Parce que l’eau fait partie du quotidien, elle nourrit des expressions variées. « Jeter le bébé avec l’eau du bain » est une expression très imagée utilisée pour signifier l’abandon complet d’une mesure, d’une stratégie ou d’une solution qui comportait certains de nombreux avantages, mais un inconvénient important. L’inconvénient l’emportant sur les avantages, la formule traduit l’adoption d’une solution de facilité qui ne résout rien. C’est peut-être pour cette raison que l’on accuse souvent les technocrates de jeter le bébé avec l’eau du bain.

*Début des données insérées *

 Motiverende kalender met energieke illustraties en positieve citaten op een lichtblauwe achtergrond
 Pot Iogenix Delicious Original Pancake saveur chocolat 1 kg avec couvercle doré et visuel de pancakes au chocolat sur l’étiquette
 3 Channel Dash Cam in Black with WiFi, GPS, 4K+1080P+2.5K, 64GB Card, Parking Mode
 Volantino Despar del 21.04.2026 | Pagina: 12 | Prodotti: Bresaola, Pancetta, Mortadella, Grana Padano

Appliquée au dilemme fréquent dans la salle de bains, installe-t-on une douche ou une baignoire ?

D’autres expressions, comme « être dans le bain », expriment une expérience ou une compétence acquise par une personne, dans le cadre d‘une pratique, d’une technique ou d’une affaire. En général, il faut savoir « se jeter à l’eau ». La formule était employée à la grande époque des « bains-douches » municipaux. Elle désignait une plaisanterie pas très fine, souvent grasse, voire graveleuse. C’est un exercice apprécié des hommes politiques, en particulier au cours de campagnes électorales. Par ailleurs, « être entre deux eaux » se dit quand on veut ménager deux parties, mais souvent au risque de ne satisfaire aucune des deux. Au sens propre, cela signifie nager en mettant sous l’eau la tête qu’on ne retire que pour respirer. « Le P. de la Rue, jésuite de tous points, passa toujours pour nager à la superficie, entre deux eaux », écrivait le duc de Saint-Simon dans ses Mémoires.

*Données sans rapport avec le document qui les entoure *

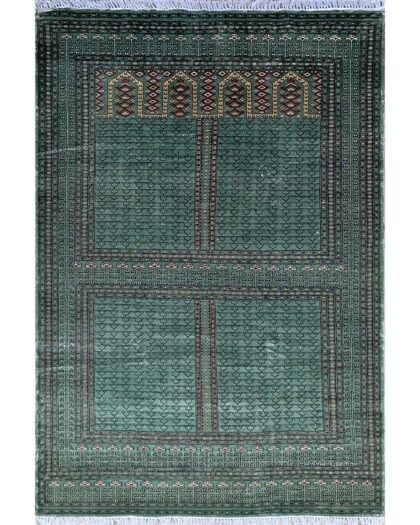 6x9 Feet Green Hand Knotted Silk Carpet Parda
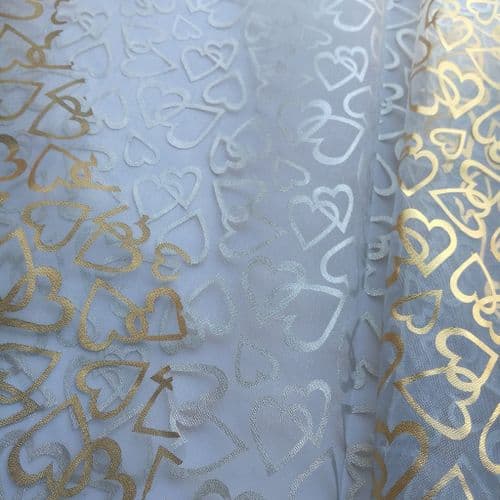Pale Blue Printed Shiny Hearts Pattern Soft Organdies Fabric 54 inch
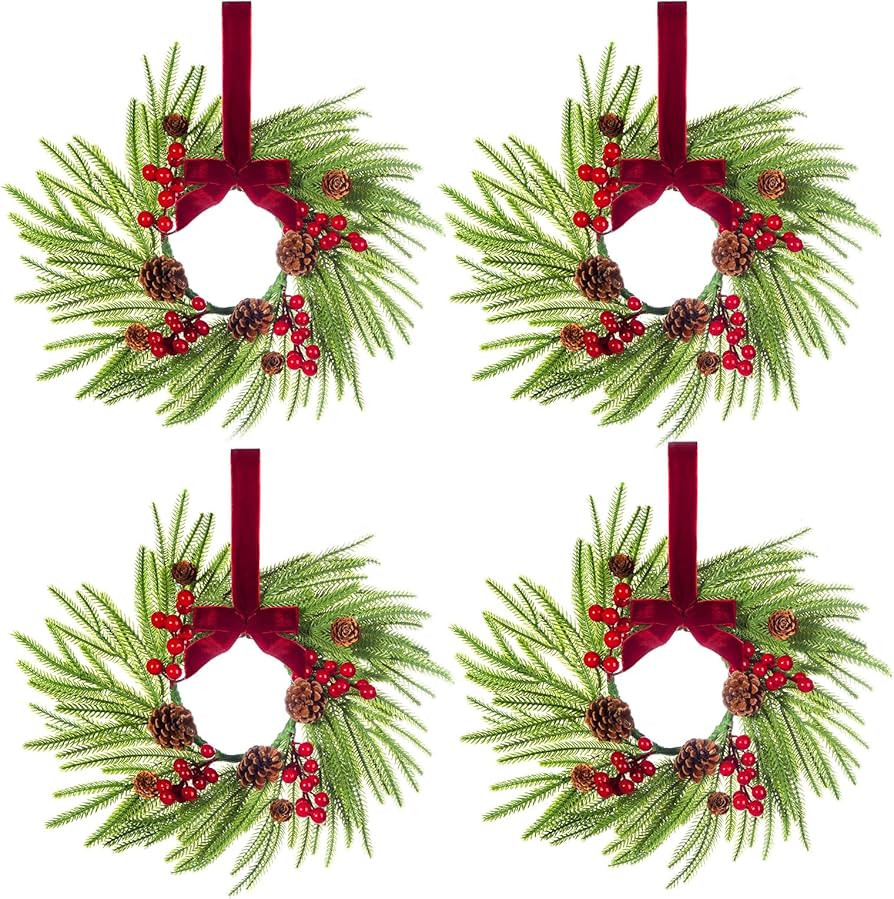 4 Pcs Mini Christmas Wreath 15" Xmas Kitchen Cabinet Decorations with Norfolk Pine Red Ribbon Pin... | Amazon (US)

Origines et mécanismes des expressions aquatiques

Certaines expressions trouvent leur source dans des phénomènes physiques. Cette expression fait référence à un phénomène physique observé dans une cuisine et plus précisément sur une gazinière. Si de l’eau pénètre dans les trous d’une gazinière, la flamme a tendance à s’éteindre. Ensuite, l’évaporation de l’eau par ces petits trous provoque un bruit aigu, bruit assimilé au son qui précède une explosion. Cette métaphore exprime le fait de fournir des arguments qui renforcent une position. L’origine de cette expression date du Moyen-Age et plus particulièrement des meuniers qui ne pouvaient travailler que grâce à l’eau qui faisait tourner leur moulin. Apporter de l’eau aux moulins des meuniers voulait donc dire leur procurer un avantage pour leur travail. Aujourd’hui l’expression est employée pour marquer l’évidence d’un fait.

Le mot « fil », du latin filium, représente le courant de l’eau en comparaison avec sa continuité et la direction qu’il prend. Ce mot décrivait à l’époque le caractère aléatoire d’une décision qui, portée par le courant, pouvait aboutir soit à un échec soit à une réussite. Le nom du site lui-même est inspiré d’une expression utilisée fréquemment : « Au fil de l’eau », signifiant progressivement, sans se presser. Expression venant du mot latin filium utilisée dès l’Antiquité pour caractériser le caractère aléatoire d’une décision qui, portée tranquillement par le courant, peut amener à un échec ou à une réussite.